**WORK INSTRUCTIONS**
The result should be an exact copy of the entries that follow, with no pictures included.

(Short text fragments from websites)

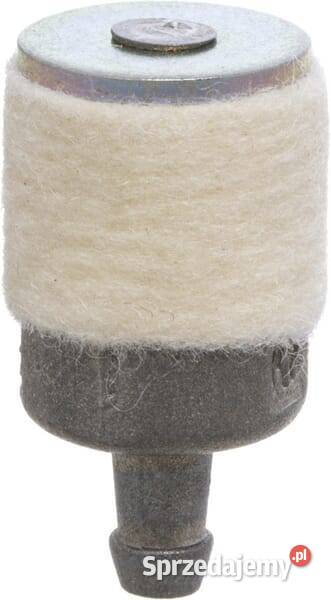 Filtr paliwa 490192114 Kamionna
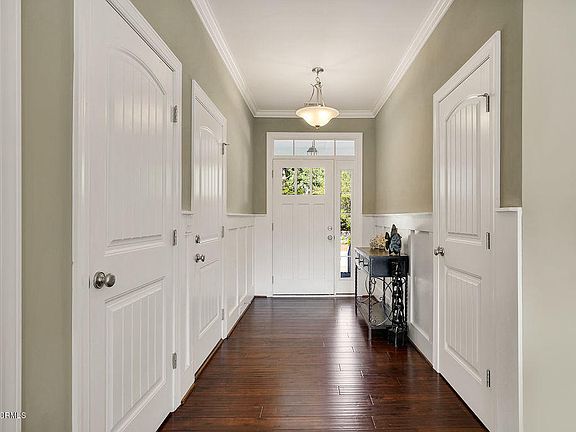 3rd image of 3729 Cinnamon Fern Drive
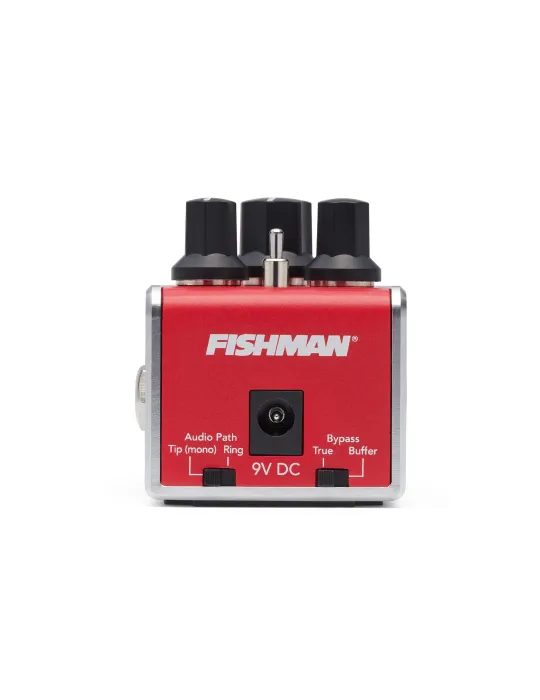 FISHMAN PRO-AFX-RV2 | MusicGoodDeal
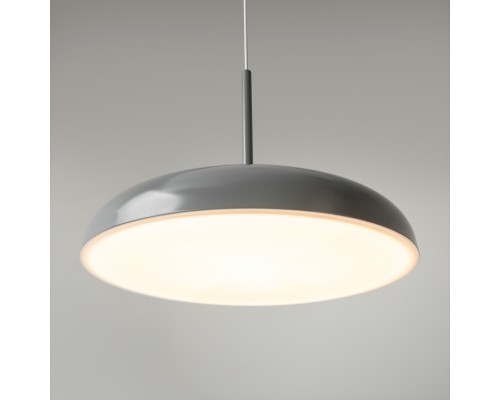 Подвесной светильник Maytoni MOD189PL-L18GR3K1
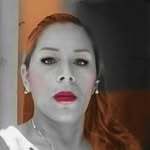 Banesa Castillo - @banesa_castillo - Instagram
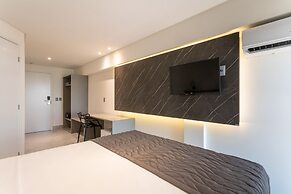 Slaviero João Pessoa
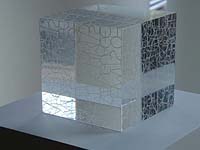 Wittgenstein's Dilemma, Inverted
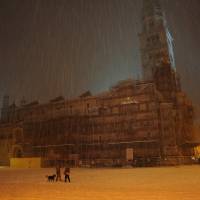 Piazza Grande Modena - 11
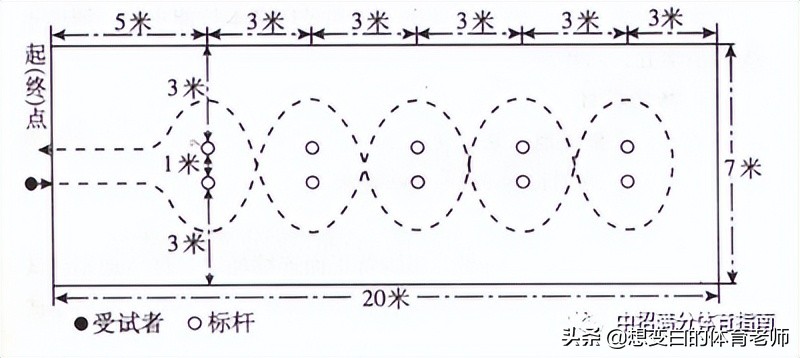 成都中考体育三大球怎么选,中考体育三个球选哪个球
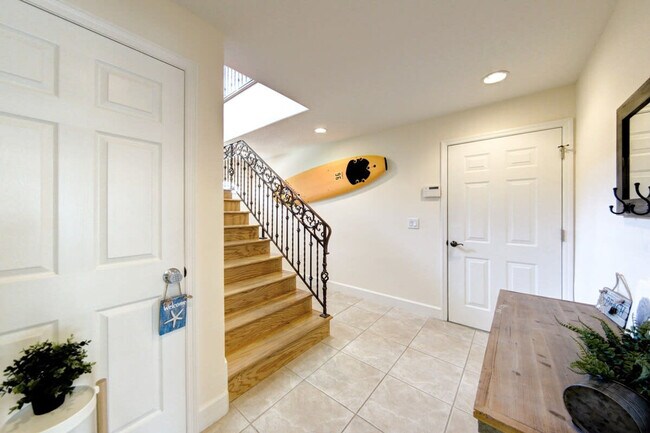 Building Photo - 24 Central Ave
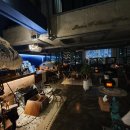 넥스트 캠핑 라운지 이미지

**TASK RESULT**
 Filtr paliwa 490192114 Kamionna
 3rd image of 3729 Cinnamon Fern Drive
 FISHMAN PRO-AFX-RV2 | MusicGoodDeal
 Подвесной светильник Maytoni MOD189PL-L18GR3K1
 Banesa Castillo - @banesa_castillo - Instagram
 Slaviero João Pessoa
 Wittgenstein's Dilemma, Inverted
 Piazza Grande Modena - 11
 成都中考体育三大球怎么选,中考体育三个球选哪个球
 Building Photo - 24 Central Ave
 넥스트 캠핑 라운지 이미지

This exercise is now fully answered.